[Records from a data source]
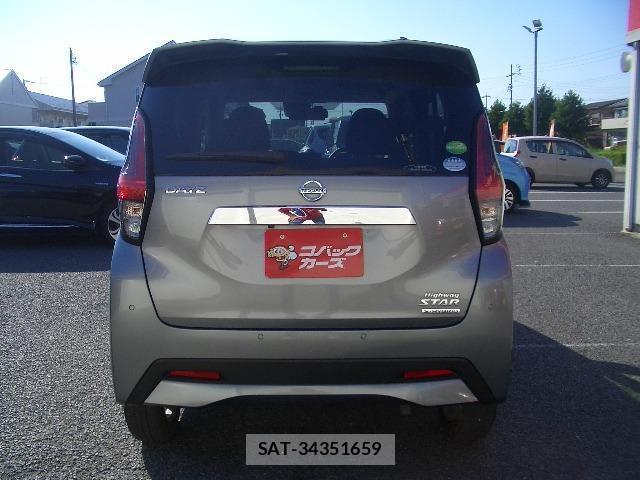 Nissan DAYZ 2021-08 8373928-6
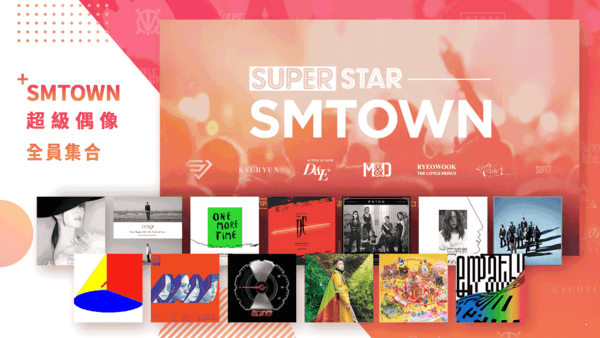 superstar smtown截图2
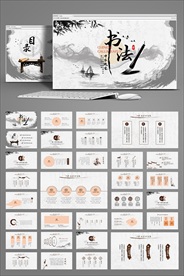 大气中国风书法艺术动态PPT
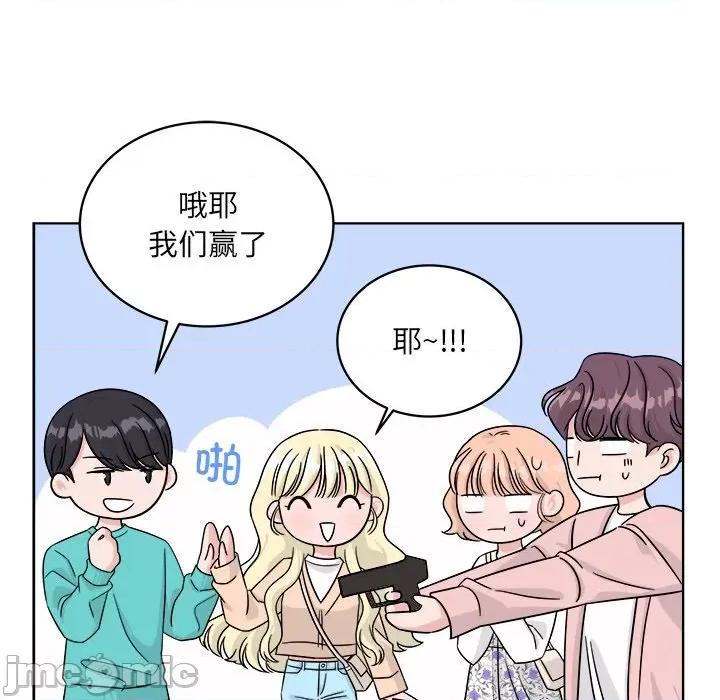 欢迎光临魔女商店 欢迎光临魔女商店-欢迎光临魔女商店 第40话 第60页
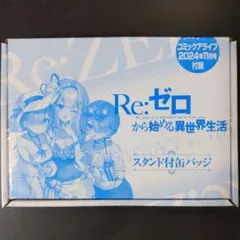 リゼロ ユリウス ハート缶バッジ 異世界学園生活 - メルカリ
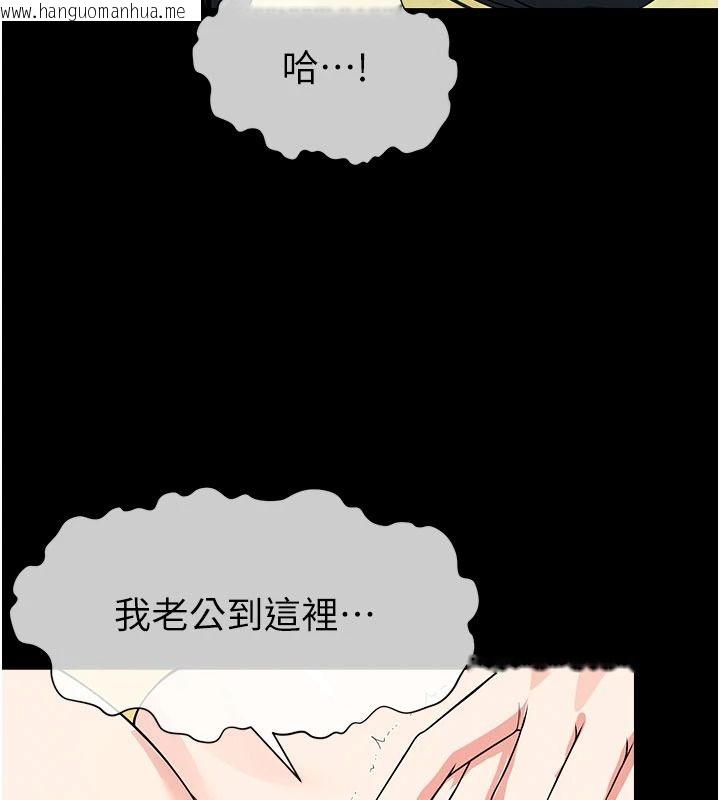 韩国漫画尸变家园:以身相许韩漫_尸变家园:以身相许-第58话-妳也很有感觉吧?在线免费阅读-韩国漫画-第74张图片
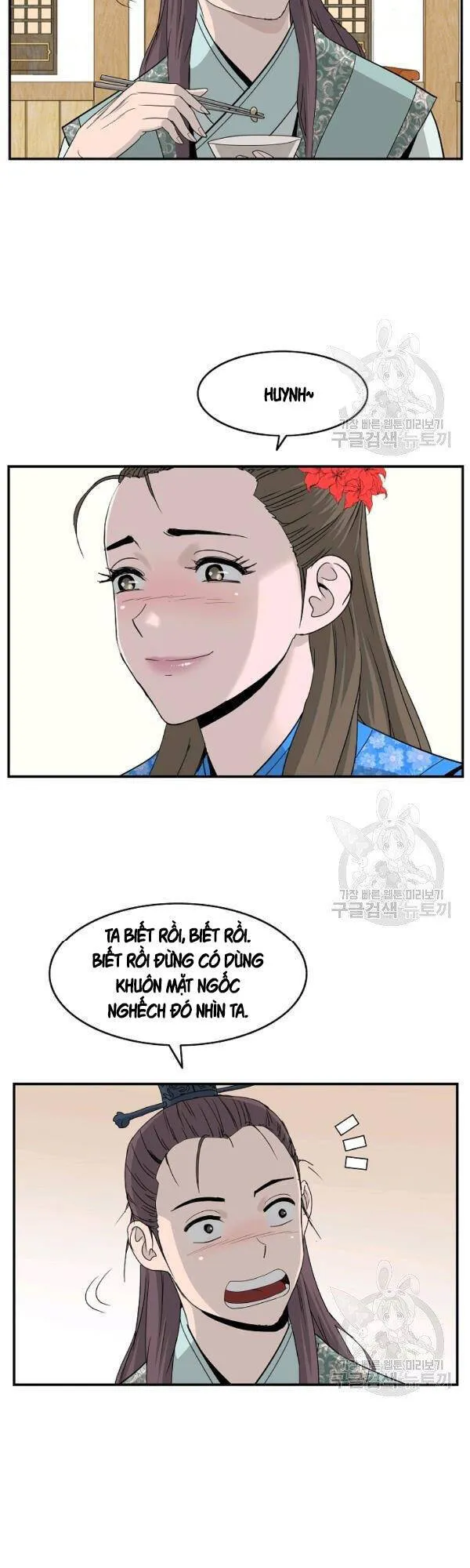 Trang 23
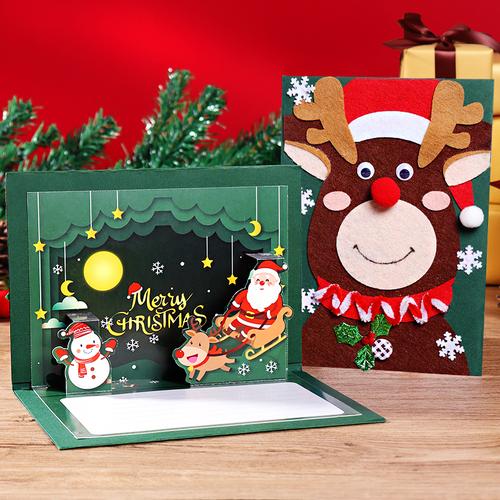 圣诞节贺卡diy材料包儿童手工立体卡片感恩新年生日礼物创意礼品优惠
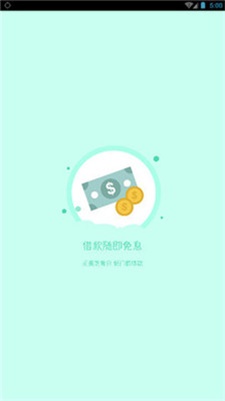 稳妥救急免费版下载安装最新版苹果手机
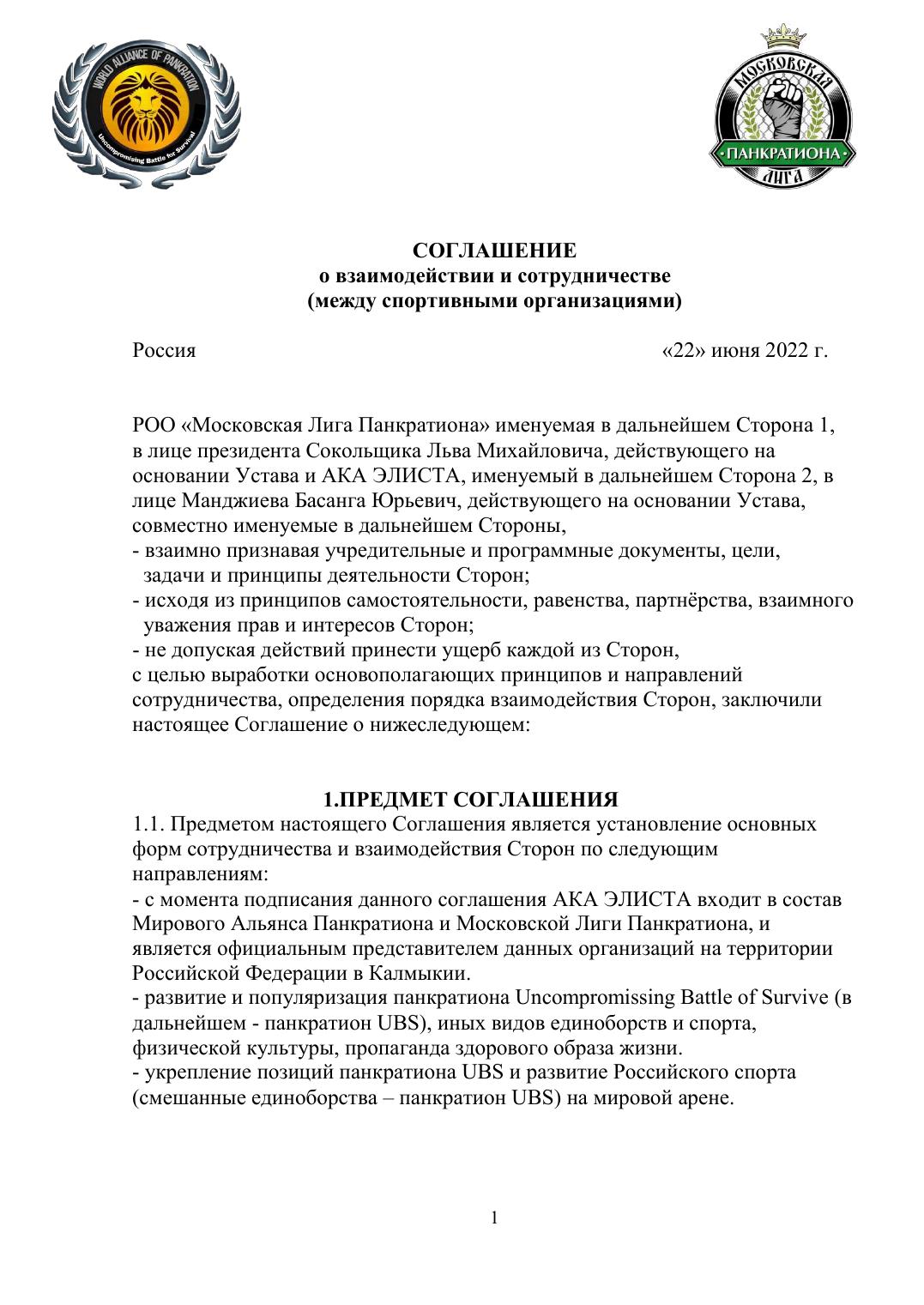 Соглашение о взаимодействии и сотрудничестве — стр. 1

--

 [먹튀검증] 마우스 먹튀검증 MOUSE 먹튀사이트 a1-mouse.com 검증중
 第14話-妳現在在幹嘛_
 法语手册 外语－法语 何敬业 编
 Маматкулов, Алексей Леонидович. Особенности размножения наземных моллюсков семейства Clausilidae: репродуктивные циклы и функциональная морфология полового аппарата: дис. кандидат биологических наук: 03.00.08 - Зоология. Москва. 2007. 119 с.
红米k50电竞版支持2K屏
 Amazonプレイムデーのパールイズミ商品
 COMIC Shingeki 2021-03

# DIRECTIONS FOR THIS TASK
Word for word, repeat the lines above from the one with "韩国漫画尸变家园:以身相许韩" through the one with "Соглашение о взаимодействии", and nothing beyond them. Omit the pictures.

# ANSWER SPACE
 韩国漫画尸变家园:以身相许韩漫_尸变家园:以身相许-第58话-妳也很有感觉吧?在线免费阅读-韩国漫画-第74张图片
 Trang 23
 圣诞节贺卡diy材料包儿童手工立体卡片感恩新年生日礼物创意礼品优惠
 稳妥救急免费版下载安装最新版苹果手机
 Соглашение о взаимодействии и сотрудничестве — стр. 1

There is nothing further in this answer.